→ THE PROBLEM
Below is a listing to repeat exactly, with its pictures left out.

→ DATA EXCERPT
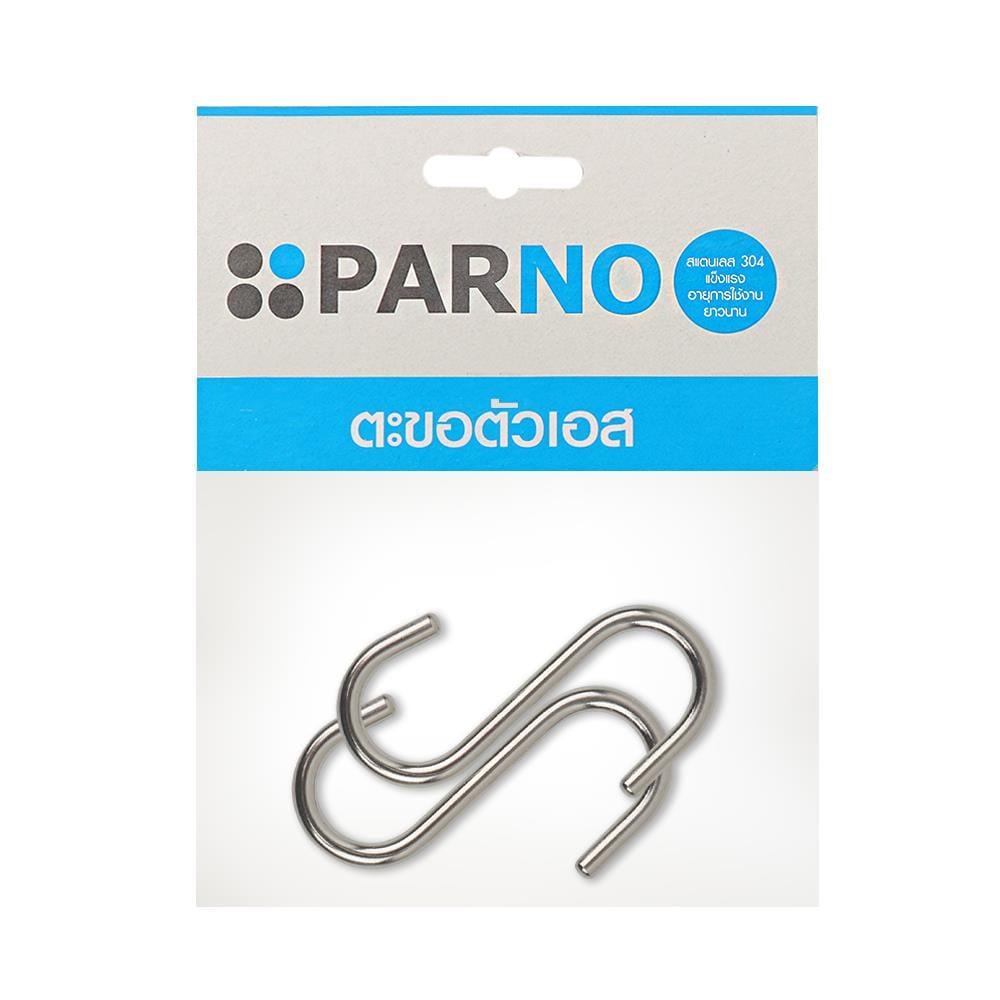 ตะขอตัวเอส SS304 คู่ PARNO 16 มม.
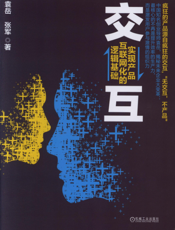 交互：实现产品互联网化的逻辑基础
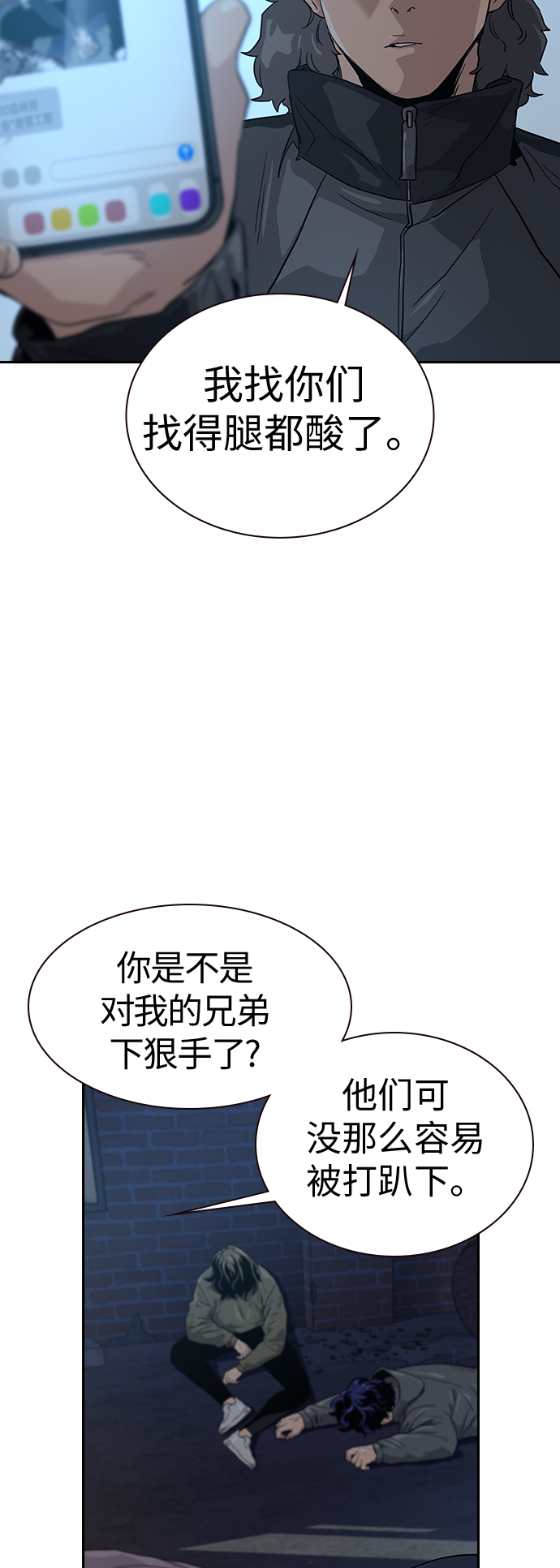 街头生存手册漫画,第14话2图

→ TASK RESPONSE
 ตะขอตัวเอส SS304 คู่ PARNO 16 มม.
 交互：实现产品互联网化的逻辑基础
 街头生存手册漫画,第14话2图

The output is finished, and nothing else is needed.